## [EXERCISE INSTRUCTIONS]
Write out exactly the lines below from the one containing "Карташова Ольга Владимировна" to the last, both ends kept, and nothing more; skip all pictures.

--- DATA BLOCK Enclosed Below ---

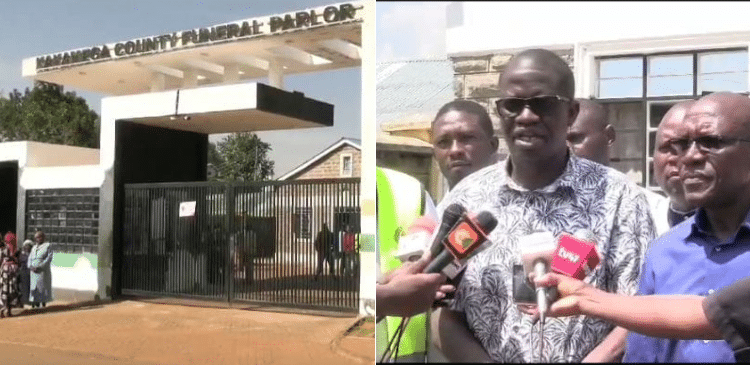 Second Autopsy Reveals What Killed Khalwale Employee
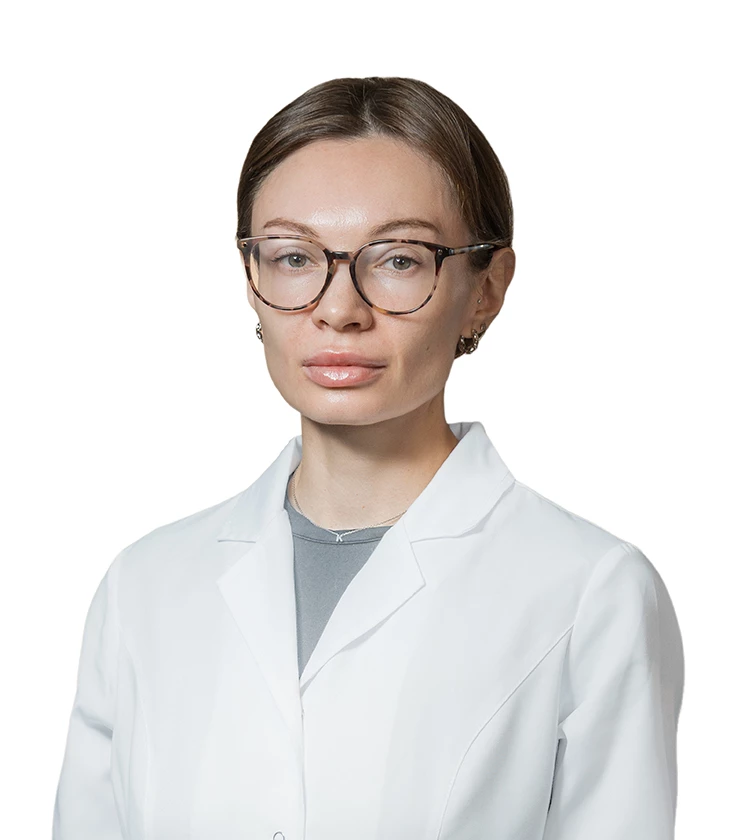 Карташова Ольга Владимировна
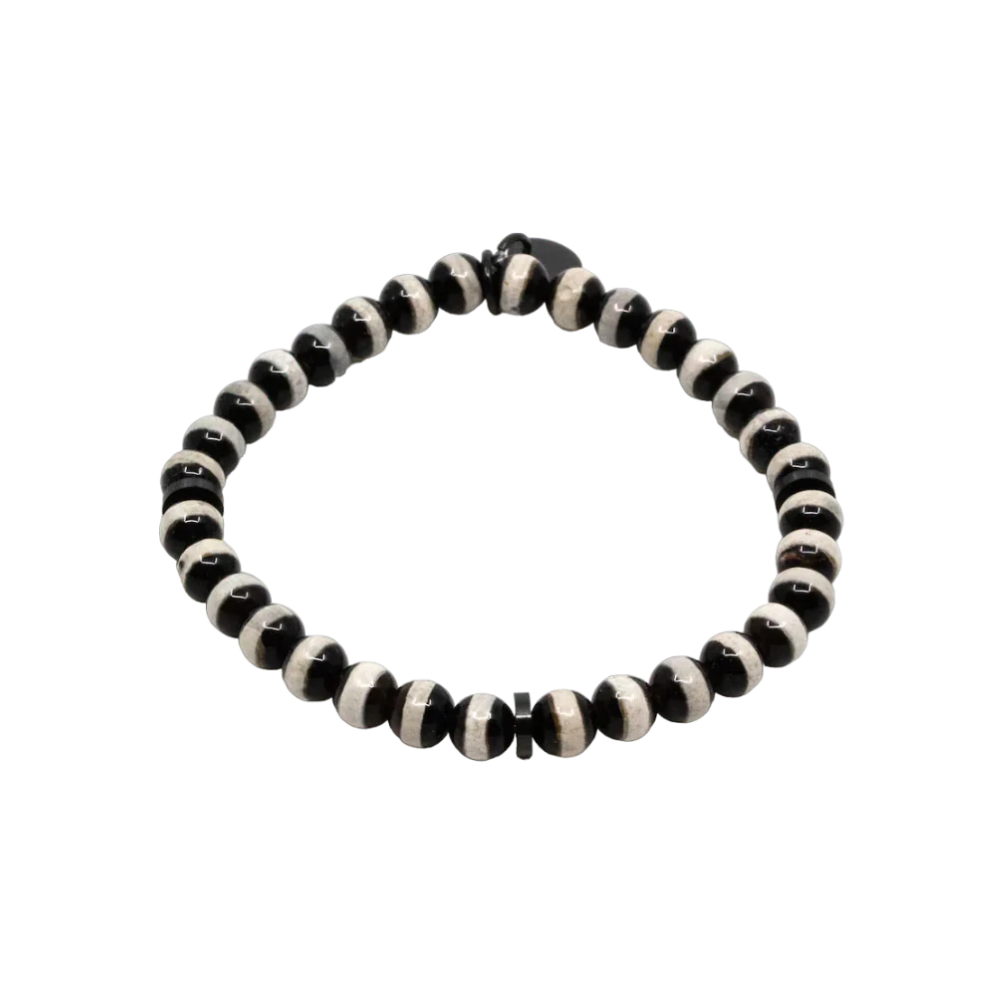 Adelaide Bracelet - Black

--- End of Enclosed DATA BLOCK ---

## [YOUR RESPONSE]
 Карташова Ольга Владимировна
 Adelaide Bracelet - Black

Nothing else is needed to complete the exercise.